• [Exercise directions]:
Across the entries that follow, count the lines with the string "Used" and reply with that count alone.

(Records from a dataset)
+--

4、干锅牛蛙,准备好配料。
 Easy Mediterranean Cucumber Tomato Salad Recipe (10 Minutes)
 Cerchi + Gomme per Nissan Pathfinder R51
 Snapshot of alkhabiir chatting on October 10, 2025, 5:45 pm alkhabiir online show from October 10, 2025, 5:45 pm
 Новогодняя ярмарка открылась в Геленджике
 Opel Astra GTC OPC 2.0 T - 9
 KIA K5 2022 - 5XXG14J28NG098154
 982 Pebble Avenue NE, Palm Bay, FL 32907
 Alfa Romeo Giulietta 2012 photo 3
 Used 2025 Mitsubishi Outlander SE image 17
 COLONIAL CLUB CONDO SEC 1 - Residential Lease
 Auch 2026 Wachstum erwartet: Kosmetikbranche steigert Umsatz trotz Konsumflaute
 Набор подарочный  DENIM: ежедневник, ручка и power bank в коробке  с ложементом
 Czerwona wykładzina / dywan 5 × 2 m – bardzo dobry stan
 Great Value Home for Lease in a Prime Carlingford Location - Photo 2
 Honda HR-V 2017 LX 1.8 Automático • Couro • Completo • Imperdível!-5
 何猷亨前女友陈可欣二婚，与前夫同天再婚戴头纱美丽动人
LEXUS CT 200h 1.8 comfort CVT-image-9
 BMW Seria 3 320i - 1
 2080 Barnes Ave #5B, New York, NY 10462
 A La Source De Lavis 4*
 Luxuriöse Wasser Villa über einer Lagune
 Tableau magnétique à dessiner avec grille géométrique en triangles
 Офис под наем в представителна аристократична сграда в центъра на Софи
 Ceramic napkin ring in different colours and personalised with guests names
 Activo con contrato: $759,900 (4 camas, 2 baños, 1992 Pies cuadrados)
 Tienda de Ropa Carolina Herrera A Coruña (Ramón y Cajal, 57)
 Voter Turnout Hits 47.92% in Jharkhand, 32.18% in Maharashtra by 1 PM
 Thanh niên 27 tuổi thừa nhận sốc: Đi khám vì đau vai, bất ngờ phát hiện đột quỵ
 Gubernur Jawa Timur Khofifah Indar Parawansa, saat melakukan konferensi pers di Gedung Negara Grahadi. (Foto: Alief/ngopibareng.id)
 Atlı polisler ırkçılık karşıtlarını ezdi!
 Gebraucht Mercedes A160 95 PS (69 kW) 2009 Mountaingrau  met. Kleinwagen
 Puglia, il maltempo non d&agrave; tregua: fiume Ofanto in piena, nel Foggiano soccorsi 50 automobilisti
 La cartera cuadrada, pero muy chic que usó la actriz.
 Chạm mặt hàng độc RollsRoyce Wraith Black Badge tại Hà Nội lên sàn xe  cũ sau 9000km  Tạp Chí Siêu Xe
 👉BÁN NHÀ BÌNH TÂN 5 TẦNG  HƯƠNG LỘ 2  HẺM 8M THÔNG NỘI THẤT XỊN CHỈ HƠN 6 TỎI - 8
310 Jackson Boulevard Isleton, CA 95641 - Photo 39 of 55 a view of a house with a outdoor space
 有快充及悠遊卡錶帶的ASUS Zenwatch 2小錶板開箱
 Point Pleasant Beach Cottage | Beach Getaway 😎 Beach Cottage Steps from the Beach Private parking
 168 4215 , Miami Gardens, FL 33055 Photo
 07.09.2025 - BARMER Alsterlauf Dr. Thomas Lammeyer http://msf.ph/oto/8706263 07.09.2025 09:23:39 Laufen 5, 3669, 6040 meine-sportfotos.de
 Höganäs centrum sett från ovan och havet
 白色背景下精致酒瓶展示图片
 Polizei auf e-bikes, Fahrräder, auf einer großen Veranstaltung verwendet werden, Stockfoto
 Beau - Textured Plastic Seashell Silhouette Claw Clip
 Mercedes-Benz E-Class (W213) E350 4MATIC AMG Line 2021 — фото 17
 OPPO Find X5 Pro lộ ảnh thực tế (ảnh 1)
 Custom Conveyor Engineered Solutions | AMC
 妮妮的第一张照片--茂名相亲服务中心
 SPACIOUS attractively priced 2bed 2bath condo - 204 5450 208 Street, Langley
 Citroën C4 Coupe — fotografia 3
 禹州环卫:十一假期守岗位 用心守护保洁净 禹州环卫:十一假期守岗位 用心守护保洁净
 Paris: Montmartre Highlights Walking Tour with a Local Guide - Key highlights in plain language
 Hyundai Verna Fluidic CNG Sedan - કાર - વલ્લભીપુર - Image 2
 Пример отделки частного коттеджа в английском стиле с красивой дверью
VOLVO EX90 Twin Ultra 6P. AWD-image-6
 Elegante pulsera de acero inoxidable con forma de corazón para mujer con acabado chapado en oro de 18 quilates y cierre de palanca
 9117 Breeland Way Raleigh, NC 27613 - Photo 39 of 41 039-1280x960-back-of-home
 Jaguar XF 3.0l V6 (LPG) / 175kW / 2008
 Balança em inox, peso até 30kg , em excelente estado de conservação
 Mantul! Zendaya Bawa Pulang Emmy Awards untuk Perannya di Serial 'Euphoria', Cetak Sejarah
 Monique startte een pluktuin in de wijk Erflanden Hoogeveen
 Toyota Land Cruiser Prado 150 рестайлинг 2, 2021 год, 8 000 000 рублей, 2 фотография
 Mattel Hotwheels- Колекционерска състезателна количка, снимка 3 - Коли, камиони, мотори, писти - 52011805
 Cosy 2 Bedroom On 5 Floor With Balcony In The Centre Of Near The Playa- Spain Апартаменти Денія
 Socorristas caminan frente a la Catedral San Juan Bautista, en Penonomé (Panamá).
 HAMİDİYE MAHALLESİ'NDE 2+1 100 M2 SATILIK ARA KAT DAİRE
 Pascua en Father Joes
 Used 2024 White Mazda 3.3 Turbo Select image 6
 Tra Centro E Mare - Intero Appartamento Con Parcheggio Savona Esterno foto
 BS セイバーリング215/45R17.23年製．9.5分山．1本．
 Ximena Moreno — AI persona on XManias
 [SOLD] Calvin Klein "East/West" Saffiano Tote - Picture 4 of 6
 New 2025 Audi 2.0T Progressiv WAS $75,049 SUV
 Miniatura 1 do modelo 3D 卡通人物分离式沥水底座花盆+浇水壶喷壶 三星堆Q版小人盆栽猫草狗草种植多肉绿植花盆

+--

• [Result]:
2